*DATA TO PROCESS*:

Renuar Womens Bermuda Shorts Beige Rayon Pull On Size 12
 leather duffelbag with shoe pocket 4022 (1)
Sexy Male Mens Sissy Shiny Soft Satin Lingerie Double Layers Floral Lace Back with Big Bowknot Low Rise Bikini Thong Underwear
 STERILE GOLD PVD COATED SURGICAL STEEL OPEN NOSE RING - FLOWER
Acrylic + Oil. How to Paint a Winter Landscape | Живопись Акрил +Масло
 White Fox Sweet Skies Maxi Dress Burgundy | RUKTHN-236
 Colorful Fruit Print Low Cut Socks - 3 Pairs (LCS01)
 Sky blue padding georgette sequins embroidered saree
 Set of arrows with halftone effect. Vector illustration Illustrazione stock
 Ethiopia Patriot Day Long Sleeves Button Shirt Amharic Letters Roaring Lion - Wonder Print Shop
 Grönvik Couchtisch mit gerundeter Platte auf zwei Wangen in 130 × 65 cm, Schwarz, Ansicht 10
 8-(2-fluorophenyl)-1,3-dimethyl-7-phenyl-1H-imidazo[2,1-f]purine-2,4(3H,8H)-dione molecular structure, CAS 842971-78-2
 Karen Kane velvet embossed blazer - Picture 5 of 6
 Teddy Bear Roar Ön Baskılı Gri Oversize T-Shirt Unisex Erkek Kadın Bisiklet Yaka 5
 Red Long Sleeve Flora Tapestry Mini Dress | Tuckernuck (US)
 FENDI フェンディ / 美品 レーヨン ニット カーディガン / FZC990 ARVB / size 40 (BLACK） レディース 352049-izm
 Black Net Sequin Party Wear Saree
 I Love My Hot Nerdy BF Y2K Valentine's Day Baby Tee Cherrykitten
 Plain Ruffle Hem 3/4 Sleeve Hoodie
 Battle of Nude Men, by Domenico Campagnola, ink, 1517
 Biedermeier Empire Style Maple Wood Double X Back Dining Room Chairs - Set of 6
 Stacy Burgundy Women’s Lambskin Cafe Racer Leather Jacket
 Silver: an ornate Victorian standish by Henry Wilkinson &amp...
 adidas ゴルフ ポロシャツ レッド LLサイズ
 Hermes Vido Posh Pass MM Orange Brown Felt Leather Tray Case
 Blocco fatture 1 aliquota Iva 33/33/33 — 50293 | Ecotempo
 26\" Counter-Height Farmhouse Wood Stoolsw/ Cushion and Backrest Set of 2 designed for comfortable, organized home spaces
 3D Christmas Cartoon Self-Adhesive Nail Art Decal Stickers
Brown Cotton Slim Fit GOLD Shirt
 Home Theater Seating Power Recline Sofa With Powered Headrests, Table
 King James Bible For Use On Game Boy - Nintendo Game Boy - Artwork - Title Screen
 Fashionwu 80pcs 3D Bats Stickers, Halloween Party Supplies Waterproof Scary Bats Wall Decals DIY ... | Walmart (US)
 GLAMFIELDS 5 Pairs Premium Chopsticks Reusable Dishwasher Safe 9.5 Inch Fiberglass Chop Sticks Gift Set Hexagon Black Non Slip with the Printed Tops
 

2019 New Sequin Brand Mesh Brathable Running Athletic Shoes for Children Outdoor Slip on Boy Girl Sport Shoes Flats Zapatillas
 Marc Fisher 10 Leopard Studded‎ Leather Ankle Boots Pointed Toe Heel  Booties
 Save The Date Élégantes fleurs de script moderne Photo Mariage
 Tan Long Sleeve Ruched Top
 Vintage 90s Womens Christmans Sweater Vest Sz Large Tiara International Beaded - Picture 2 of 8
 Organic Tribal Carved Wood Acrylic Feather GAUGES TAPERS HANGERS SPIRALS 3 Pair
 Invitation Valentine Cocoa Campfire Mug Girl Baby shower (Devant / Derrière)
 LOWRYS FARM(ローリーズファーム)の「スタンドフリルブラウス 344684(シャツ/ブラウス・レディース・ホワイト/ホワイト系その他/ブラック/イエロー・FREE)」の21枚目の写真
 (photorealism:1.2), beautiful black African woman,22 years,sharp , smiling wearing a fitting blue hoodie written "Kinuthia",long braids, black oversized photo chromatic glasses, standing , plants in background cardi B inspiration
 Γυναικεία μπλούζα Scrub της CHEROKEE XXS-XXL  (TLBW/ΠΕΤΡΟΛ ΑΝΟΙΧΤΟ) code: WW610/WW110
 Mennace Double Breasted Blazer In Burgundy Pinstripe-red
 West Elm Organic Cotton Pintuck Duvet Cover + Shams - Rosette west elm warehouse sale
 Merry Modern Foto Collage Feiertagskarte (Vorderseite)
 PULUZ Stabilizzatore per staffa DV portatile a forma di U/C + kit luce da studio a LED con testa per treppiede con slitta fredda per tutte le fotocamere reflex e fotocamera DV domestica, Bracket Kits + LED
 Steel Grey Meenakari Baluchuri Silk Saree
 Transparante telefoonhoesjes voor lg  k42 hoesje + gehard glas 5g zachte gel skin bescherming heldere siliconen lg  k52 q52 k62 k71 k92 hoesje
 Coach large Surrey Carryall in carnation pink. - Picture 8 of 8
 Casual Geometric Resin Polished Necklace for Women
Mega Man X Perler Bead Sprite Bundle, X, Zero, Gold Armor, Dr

*DIRECTIONS FOR THIS TASK*: Please output the listing above exactly, every line included.

*RESULT OF THE TASK*:
Renuar Womens Bermuda Shorts Beige Rayon Pull On Size 12
 leather duffelbag with shoe pocket 4022 (1)
Sexy Male Mens Sissy Shiny Soft Satin Lingerie Double Layers Floral Lace Back with Big Bowknot Low Rise Bikini Thong Underwear
 STERILE GOLD PVD COATED SURGICAL STEEL OPEN NOSE RING - FLOWER
Acrylic + Oil. How to Paint a Winter Landscape | Живопись Акрил +Масло
 White Fox Sweet Skies Maxi Dress Burgundy | RUKTHN-236
 Colorful Fruit Print Low Cut Socks - 3 Pairs (LCS01)
 Sky blue padding georgette sequins embroidered saree
 Set of arrows with halftone effect. Vector illustration Illustrazione stock
 Ethiopia Patriot Day Long Sleeves Button Shirt Amharic Letters Roaring Lion - Wonder Print Shop
 Grönvik Couchtisch mit gerundeter Platte auf zwei Wangen in 130 × 65 cm, Schwarz, Ansicht 10
 8-(2-fluorophenyl)-1,3-dimethyl-7-phenyl-1H-imidazo[2,1-f]purine-2,4(3H,8H)-dione molecular structure, CAS 842971-78-2
 Karen Kane velvet embossed blazer - Picture 5 of 6
 Teddy Bear Roar Ön Baskılı Gri Oversize T-Shirt Unisex Erkek Kadın Bisiklet Yaka 5
 Red Long Sleeve Flora Tapestry Mini Dress | Tuckernuck (US)
 FENDI フェンディ / 美品 レーヨン ニット カーディガン / FZC990 ARVB / size 40 (BLACK） レディース 352049-izm
 Black Net Sequin Party Wear Saree
 I Love My Hot Nerdy BF Y2K Valentine's Day Baby Tee Cherrykitten
 Plain Ruffle Hem 3/4 Sleeve Hoodie
 Battle of Nude Men, by Domenico Campagnola, ink, 1517
 Biedermeier Empire Style Maple Wood Double X Back Dining Room Chairs - Set of 6
 Stacy Burgundy Women’s Lambskin Cafe Racer Leather Jacket
 Silver: an ornate Victorian standish by Henry Wilkinson &amp...
 adidas ゴルフ ポロシャツ レッド LLサイズ
 Hermes Vido Posh Pass MM Orange Brown Felt Leather Tray Case
 Blocco fatture 1 aliquota Iva 33/33/33 — 50293 | Ecotempo
 26\" Counter-Height Farmhouse Wood Stoolsw/ Cushion and Backrest Set of 2 designed for comfortable, organized home spaces
 3D Christmas Cartoon Self-Adhesive Nail Art Decal Stickers
Brown Cotton Slim Fit GOLD Shirt
 Home Theater Seating Power Recline Sofa With Powered Headrests, Table
 King James Bible For Use On Game Boy - Nintendo Game Boy - Artwork - Title Screen
 Fashionwu 80pcs 3D Bats Stickers, Halloween Party Supplies Waterproof Scary Bats Wall Decals DIY ... | Walmart (US)
 GLAMFIELDS 5 Pairs Premium Chopsticks Reusable Dishwasher Safe 9.5 Inch Fiberglass Chop Sticks Gift Set Hexagon Black Non Slip with the Printed Tops
 

2019 New Sequin Brand Mesh Brathable Running Athletic Shoes for Children Outdoor Slip on Boy Girl Sport Shoes Flats Zapatillas
 Marc Fisher 10 Leopard Studded‎ Leather Ankle Boots Pointed Toe Heel  Booties
 Save The Date Élégantes fleurs de script moderne Photo Mariage
 Tan Long Sleeve Ruched Top
 Vintage 90s Womens Christmans Sweater Vest Sz Large Tiara International Beaded - Picture 2 of 8
 Organic Tribal Carved Wood Acrylic Feather GAUGES TAPERS HANGERS SPIRALS 3 Pair
 Invitation Valentine Cocoa Campfire Mug Girl Baby shower (Devant / Derrière)
 LOWRYS FARM(ローリーズファーム)の「スタンドフリルブラウス 344684(シャツ/ブラウス・レディース・ホワイト/ホワイト系その他/ブラック/イエロー・FREE)」の21枚目の写真
 (photorealism:1.2), beautiful black African woman,22 years,sharp , smiling wearing a fitting blue hoodie written "Kinuthia",long braids, black oversized photo chromatic glasses, standing , plants in background cardi B inspiration
 Γυναικεία μπλούζα Scrub της CHEROKEE XXS-XXL  (TLBW/ΠΕΤΡΟΛ ΑΝΟΙΧΤΟ) code: WW610/WW110
 Mennace Double Breasted Blazer In Burgundy Pinstripe-red
 West Elm Organic Cotton Pintuck Duvet Cover + Shams - Rosette west elm warehouse sale
 Merry Modern Foto Collage Feiertagskarte (Vorderseite)
 PULUZ Stabilizzatore per staffa DV portatile a forma di U/C + kit luce da studio a LED con testa per treppiede con slitta fredda per tutte le fotocamere reflex e fotocamera DV domestica, Bracket Kits + LED
 Steel Grey Meenakari Baluchuri Silk Saree
 Transparante telefoonhoesjes voor lg  k42 hoesje + gehard glas 5g zachte gel skin bescherming heldere siliconen lg  k52 q52 k62 k71 k92 hoesje
 Coach large Surrey Carryall in carnation pink. - Picture 8 of 8
 Casual Geometric Resin Polished Necklace for Women
Mega Man X Perler Bead Sprite Bundle, X, Zero, Gold Armor, Dr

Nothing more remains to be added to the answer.